Three ‘go binge’ on most of their data plans allow you unlimited Netflix usage. I can confirm that using a 4G mifi device (unless you have a very weak signal I guess) you can watch 2 full hd video streams at the same time no problem at all 99% of the time and it doesn’t use any of your data allowance.
Yes, sounds good Guy! I’m sure FTTP will creep up to these remote areas one day….if we live long enough !! , but Mobile BB.looks like the answer in the meantime.
We have 5g to look forward to in the next few years on 700 MHZ, and that should find it’s way up remote valleys.

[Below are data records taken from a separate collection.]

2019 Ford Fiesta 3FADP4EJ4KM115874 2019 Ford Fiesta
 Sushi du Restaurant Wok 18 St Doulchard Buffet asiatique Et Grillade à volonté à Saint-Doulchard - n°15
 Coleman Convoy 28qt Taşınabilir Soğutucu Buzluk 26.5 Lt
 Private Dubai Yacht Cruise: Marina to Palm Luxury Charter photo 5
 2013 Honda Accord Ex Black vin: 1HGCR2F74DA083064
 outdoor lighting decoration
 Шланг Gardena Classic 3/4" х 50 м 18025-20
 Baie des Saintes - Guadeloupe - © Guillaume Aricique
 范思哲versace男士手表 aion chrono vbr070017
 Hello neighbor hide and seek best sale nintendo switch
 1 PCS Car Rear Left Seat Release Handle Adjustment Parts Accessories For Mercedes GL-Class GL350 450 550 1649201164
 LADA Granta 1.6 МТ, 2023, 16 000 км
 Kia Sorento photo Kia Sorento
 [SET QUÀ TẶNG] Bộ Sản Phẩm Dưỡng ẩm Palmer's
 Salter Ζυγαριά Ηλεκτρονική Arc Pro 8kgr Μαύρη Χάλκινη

We already see a big improvement with 800 MHZ LTE. It’s good to see companies like EE pushing and refining Mobile BB packages.
I’ve just ordered the 500GB for £100 option. I currently have two of the 50GB for £30 cards, so £60 for 100GB. Both are at end of contract, so I’m effectively going to be paying an extra £40/month but getting an extra 400GB.
My exchange is due to get FTTC by December…..yeah and pigs might fly. EO line on an exchange servicing 130 properties; EE will be my best option for years to come.
My two years with EE have been brilliant, getting 80Mb down and upwards of 60Mb up.
I had a vodafone dongle for a few yrs & it was pretty awful constantly had to plug and unplug, then I got a giff gaff sim & bought a tp link router, switched the sim to EE was generally happy with the router but the sim data disappeared fast. Looked in to a dongle type alternative hoping to find something I could take with me so I could get a cheaper sim in my phone without much data and a friend recommended http://www.airinternet.co.uk. Pricey but decent equipment Worth that works v.well in my narrow boat as it does in my 5 bedroom house, got rid of my home broadband and now only pay £23 per month. £100pm for 500gb? makes what I paid look v.cheap
Im on 3 Ireland and using All You Can Eat Data. I use over 1TB every single month as I permanently have my mobile phone hotspot turned on, so everythgin in my home uses it, google home smarts devices, my security cameras, my IPTV, Netflix, my desktop PC which I use for gaming. I have up to 2.5TB allowance. They state there is a fair use policy, but I’ve never been affected at all, and neither have any of my friends who do the same thing. What does it cost? No contract, its Pay As You Go. €20 top up in one go and that gives AYCE data for 30 days and unlimited texts to any Irish network, unlimited calls to other 3 mobiles, and you STILL have the €20 credit to spend on calls to other mobile networks or landlines, and they also send you €10 of free credit each month too. Ive been doing this since 2011! EE’s prices are an absolute outrage.